_Try it_
Return the lines below exactly, please, from the one containing "共用设施生产不同药品用风险识" through the last one, both included, and leave out any pictures.

┌─ Input

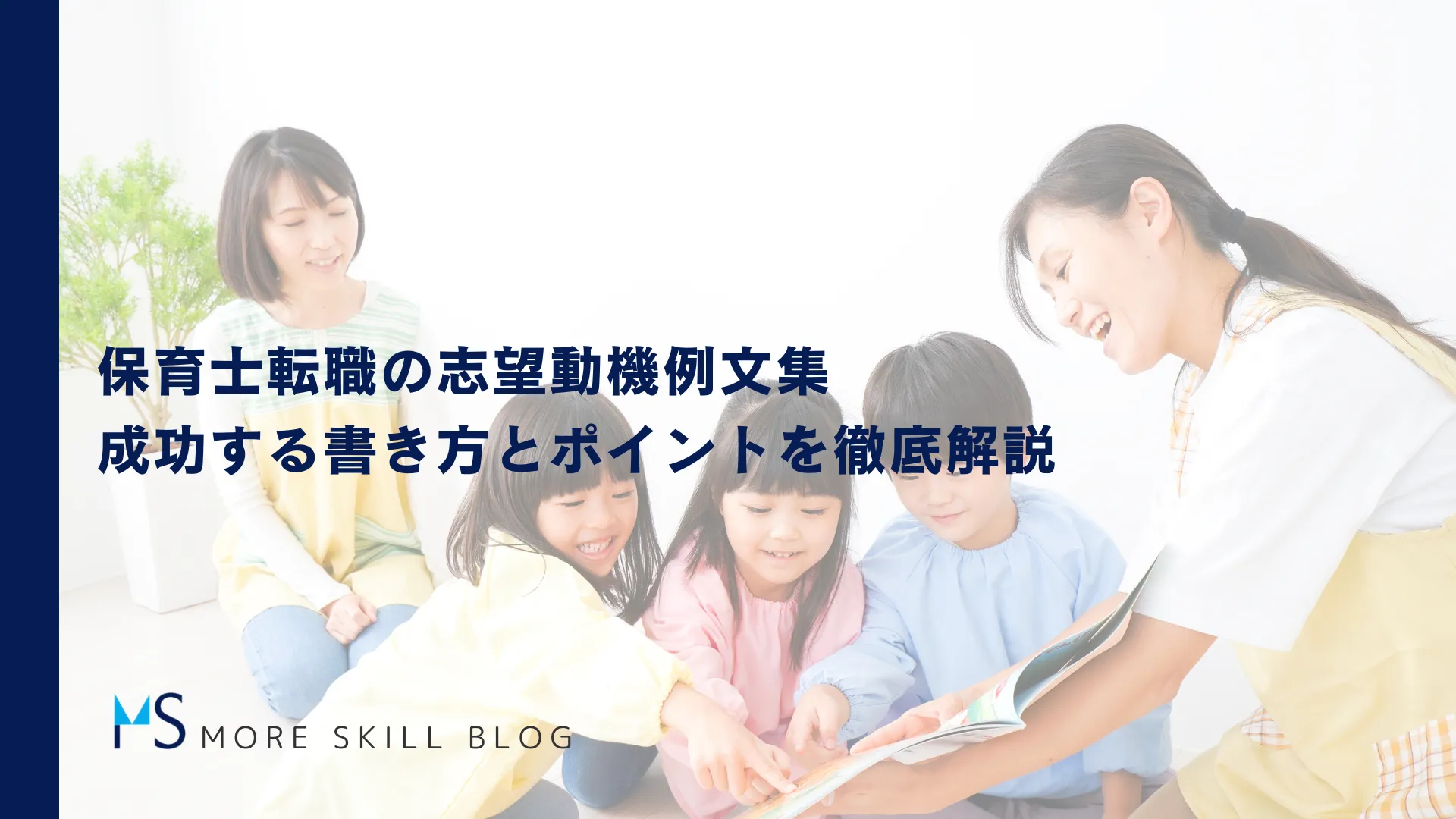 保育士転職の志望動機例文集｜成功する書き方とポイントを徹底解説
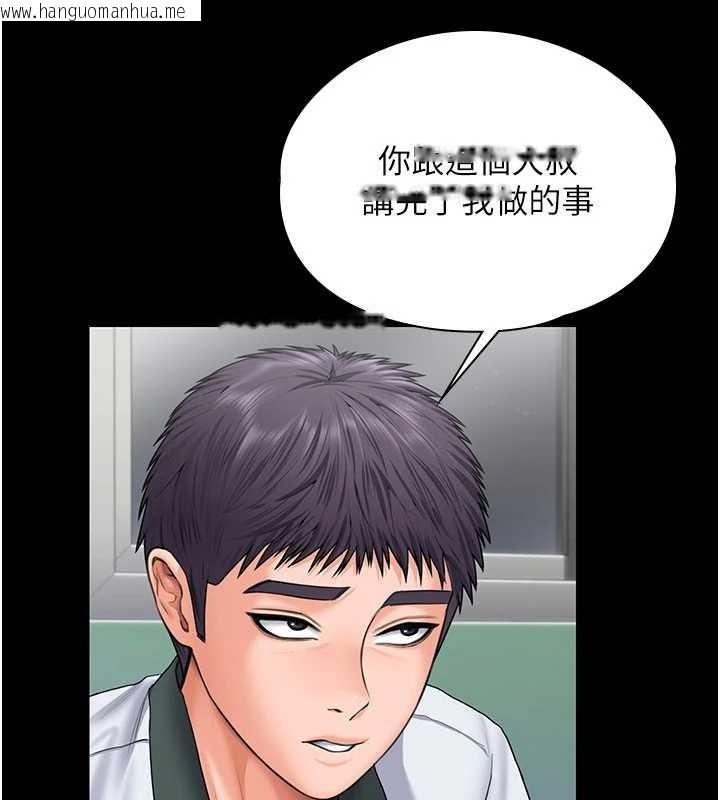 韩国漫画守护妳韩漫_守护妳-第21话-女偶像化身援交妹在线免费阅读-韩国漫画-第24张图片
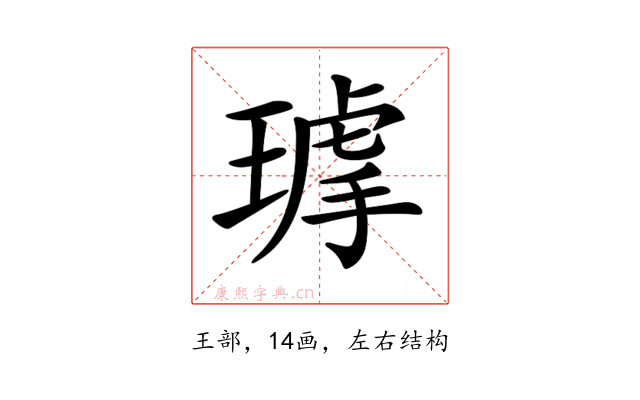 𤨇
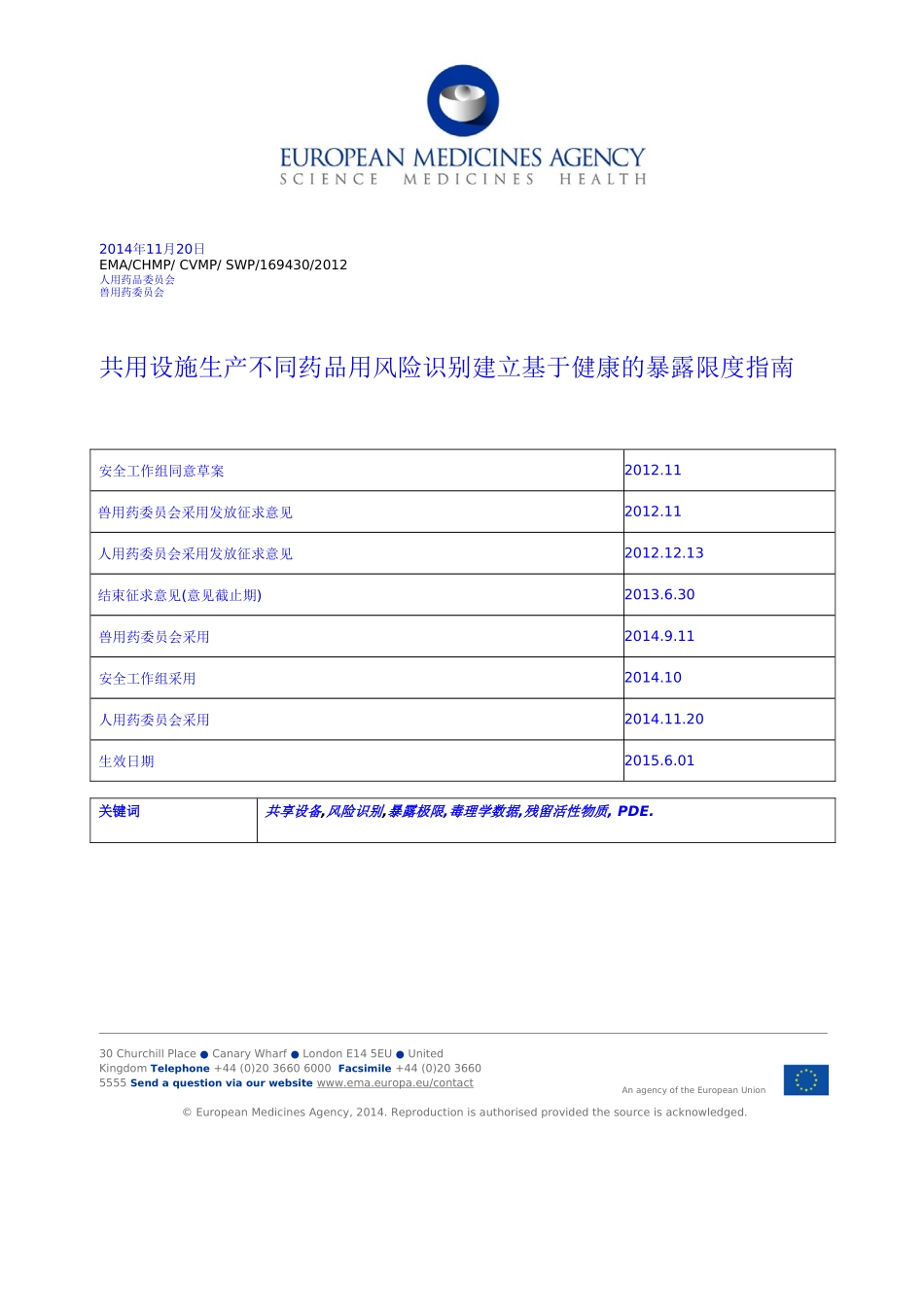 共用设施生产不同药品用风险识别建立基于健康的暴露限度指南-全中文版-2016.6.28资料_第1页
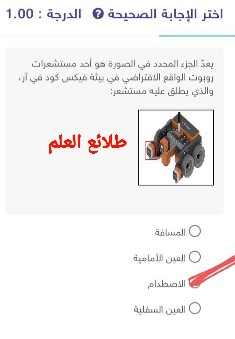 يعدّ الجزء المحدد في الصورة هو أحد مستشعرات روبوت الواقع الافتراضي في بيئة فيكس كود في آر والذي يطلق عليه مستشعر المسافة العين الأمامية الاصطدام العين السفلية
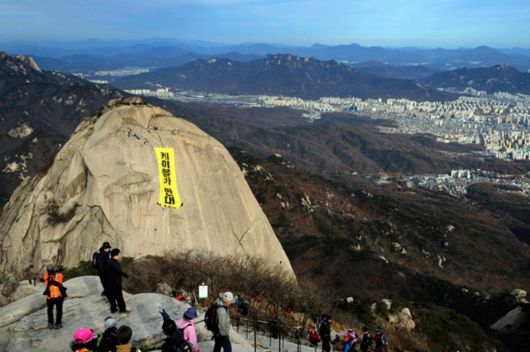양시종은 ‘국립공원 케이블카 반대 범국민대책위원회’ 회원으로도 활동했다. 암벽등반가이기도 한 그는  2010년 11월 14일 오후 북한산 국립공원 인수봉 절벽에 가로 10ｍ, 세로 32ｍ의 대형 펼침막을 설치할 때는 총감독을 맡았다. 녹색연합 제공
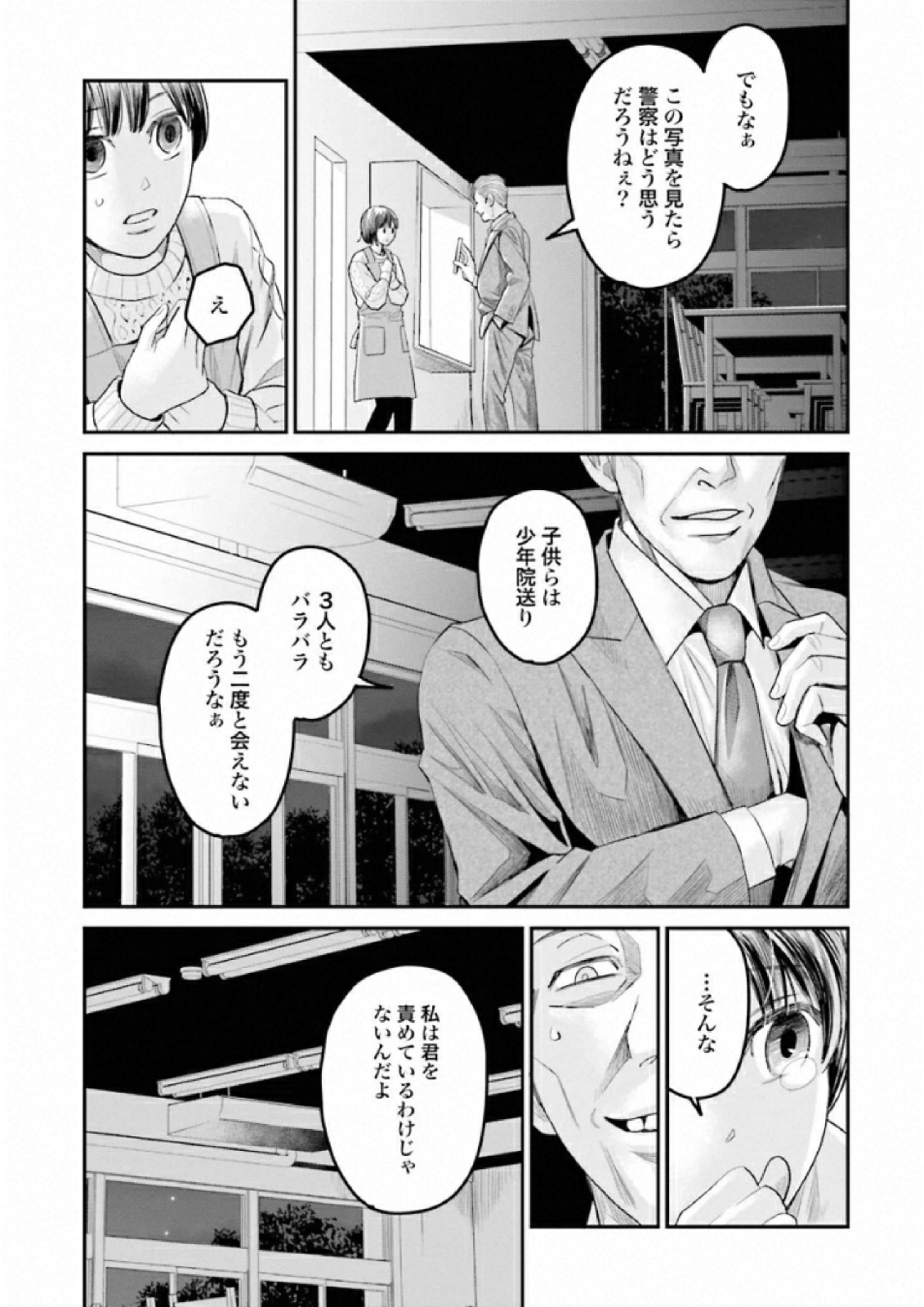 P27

└─

_Solution below_
 共用设施生产不同药品用风险识别建立基于健康的暴露限度指南-全中文版-2016.6.28资料_第1页
 يعدّ الجزء المحدد في الصورة هو أحد مستشعرات روبوت الواقع الافتراضي في بيئة فيكس كود في آر والذي يطلق عليه مستشعر المسافة العين الأمامية الاصطدام العين السفلية
양시종은 ‘국립공원 케이블카 반대 범국민대책위원회’ 회원으로도 활동했다. 암벽등반가이기도 한 그는  2010년 11월 14일 오후 북한산 국립공원 인수봉 절벽에 가로 10ｍ, 세로 32ｍ의 대형 펼침막을 설치할 때는 총감독을 맡았다. 녹색연합 제공
 P27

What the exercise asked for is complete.